## [EXERCISE DETAILS]
Take the lines in the listing below from the line with "Ghete pentru bărbați" up to and including the line with "Origins Morocco Traditional" and set them down exactly, skipping pictures and adding nothing.

## [RECORDS FOR THIS TASK]
☆ ☆ ☆ ☆ ☆ ☆ ☆

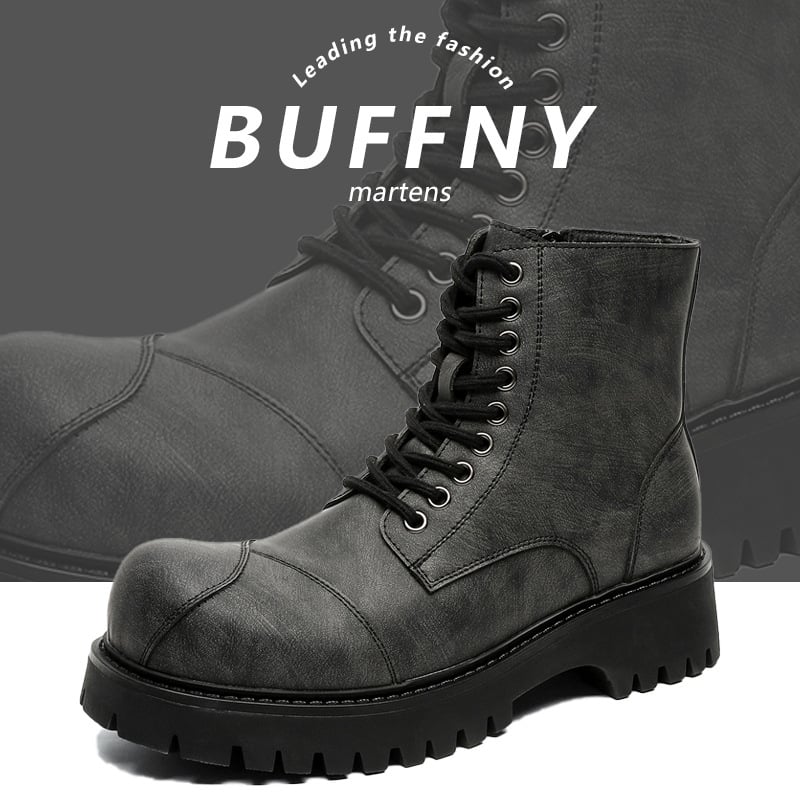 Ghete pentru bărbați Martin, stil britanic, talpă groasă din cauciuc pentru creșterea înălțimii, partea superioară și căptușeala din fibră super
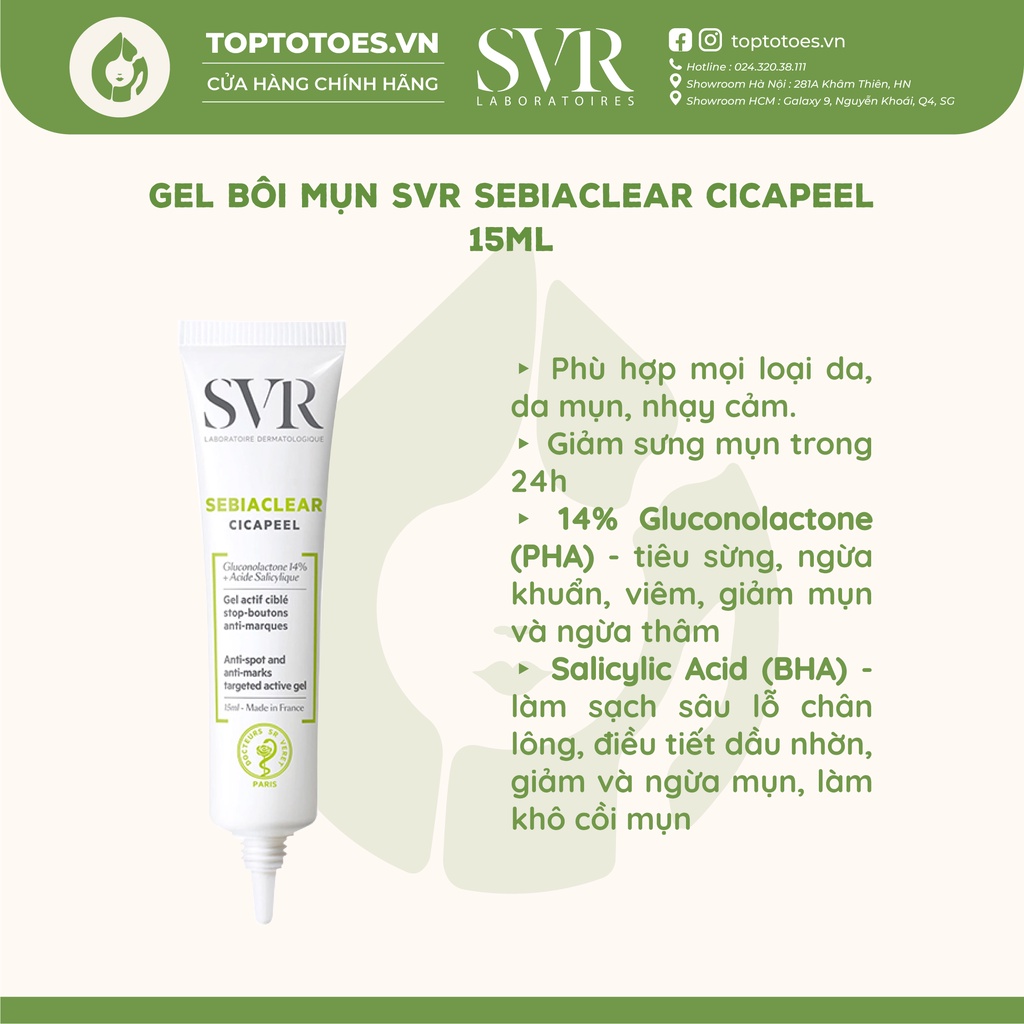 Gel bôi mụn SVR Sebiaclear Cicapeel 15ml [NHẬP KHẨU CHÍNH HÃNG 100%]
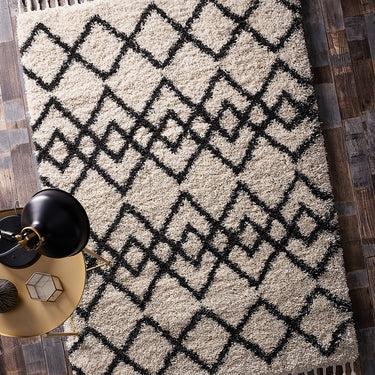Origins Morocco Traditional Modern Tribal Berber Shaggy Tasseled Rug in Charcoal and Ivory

☆ ☆ ☆ ☆ ☆ ☆ ☆

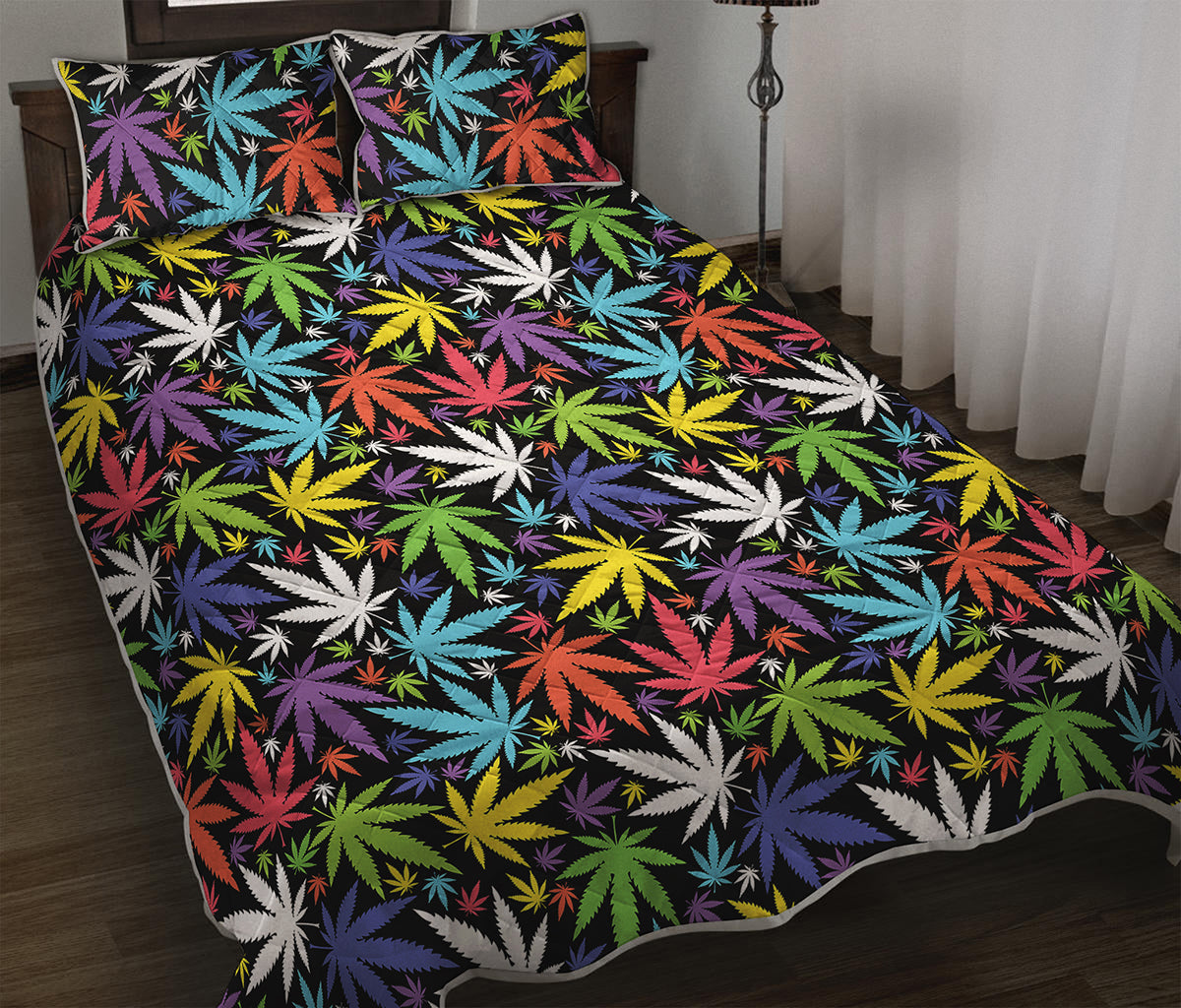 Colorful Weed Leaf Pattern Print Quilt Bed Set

☆ ☆ ☆ ☆ ☆ ☆ ☆

## [COMPLETED EXERCISE]
 Ghete pentru bărbați Martin, stil britanic, talpă groasă din cauciuc pentru creșterea înălțimii, partea superioară și căptușeala din fibră super
 Gel bôi mụn SVR Sebiaclear Cicapeel 15ml [NHẬP KHẨU CHÍNH HÃNG 100%]
Origins Morocco Traditional Modern Tribal Berber Shaggy Tasseled Rug in Charcoal and Ivory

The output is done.